The Jolly Fat Guy Dressed in Red has departed the area. The living room was, for a spell, a sea of colors, tattered by youngsters eagerly tearing into their booty. Within 24 hours, virtually the only remaining sign is the Christmas tree. In a few days, She Who Must Be Obeyed will decree its removal, and the township will come by and take it away.
That’s the natural life cycle of trees: they grow, they die, they become fertilizer for new trees – with a few of them, once a year, adding sparkle to our living rooms and memories to our kids’ Christmases.
The youngsters, upon tearing away the paper coverings from their gifts, received coloring books, toys, makeup, and gift certificates, depending on their age and what was known to Santa and Helpers of their desires. They all seemed happy, but there were some gifts I wish could have been included.
I would like to see our legislature charge the same Marcellus natural gas fee (we can’t call it a tax because Gov. Tom Corbett already promised no new taxes) that other major natural gas producing states charge.
To be sure, the industry is upgrading roads – and building new ones, where necessary – to facilitate its access to the drilling fields. And it is paying us for the timber it is removing from our public forests to make way for drilling pads and pipelines. But I worry about accidents that surely will happen, because they always do, regardless of how carefully and responsibly the drillers pursue their endeavors. And I worry about the cost to the state’s taxpayers when the drilling is over and the owners of the multitude of new motels, built to accommodate the visiting drill rig workers, are begging for tourism promotion money to help fill the newly-emptied rooms. And, with reason based on history, I wonder about the eventual effects of our blasting fractures in geologic structures a mile-and-a-half beneath our homes and businesses.

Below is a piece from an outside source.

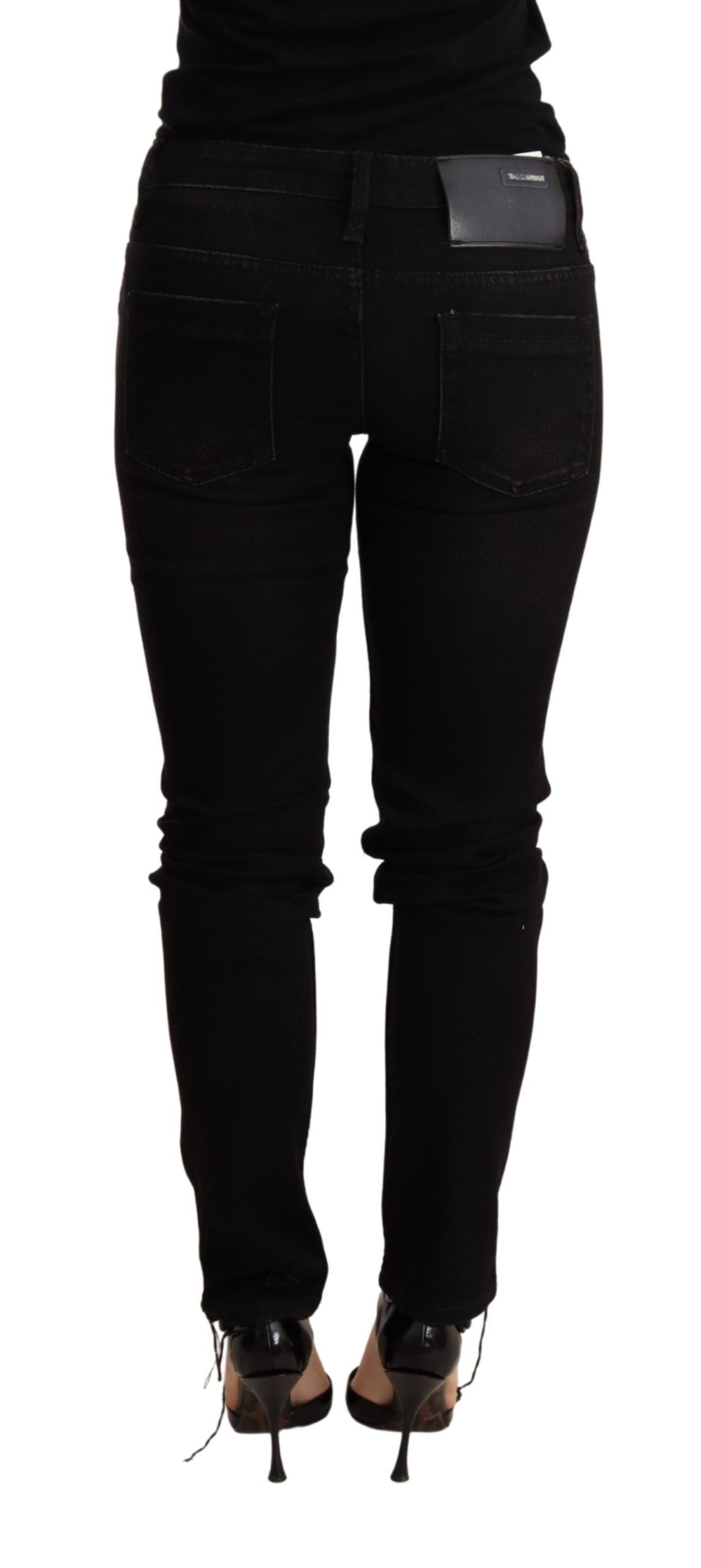 Eleganter Slim Fit Jeansstoff in Schwarz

It would have been nice for the grandkids’ gifts to have included vouchers for education and environmental repairs that would have been marked “Paid in Full.”
I would like my grandkids to have jobs making things, such as solar panels and other non-fossil fuel energy sources for their homes and businesses. I know we cannot switch from oil to sunlight overnight, but …
The Pittsburgh Tribune-Review reported earlier this month that several banks well-known for their parts in the 2008 economic bust – Goldman Sachs, Morgan Stanley, and Lehman Brothers among them – fronted $6.5 billion to help seven Chinese startup solar panel makers gain entry to the New York Stock Exchange and NASDAQ. The result was more than 1,100 U.S. jobs killed when Solyndra, a California-based solar panel maker, filed bankruptcy and closed its doors this fall.
Solyndra was not the only U.S. casualty, only the most publicized.
Meanwhile, our lawmakers provide “waivers” to companies such as Sunoco, which otherwise would be required by law to use U.S. ships and crews to haul natural gas between Pennsylvania and Louisiana. Sen. Pat Toomey, R-Pa., touted the waiver as a job creator but in fact it will allow Sunoco to build a tanker loading facility in Marcus Hook, Pa. that will require only 25 full-time workers to operate.
On the other hand, I have faith in our free market system of government to solve our grandkids’ problems. It will come up with solutions as soon as the problems it has helped us create become severe enough that we’re willing to pay to have them resolved.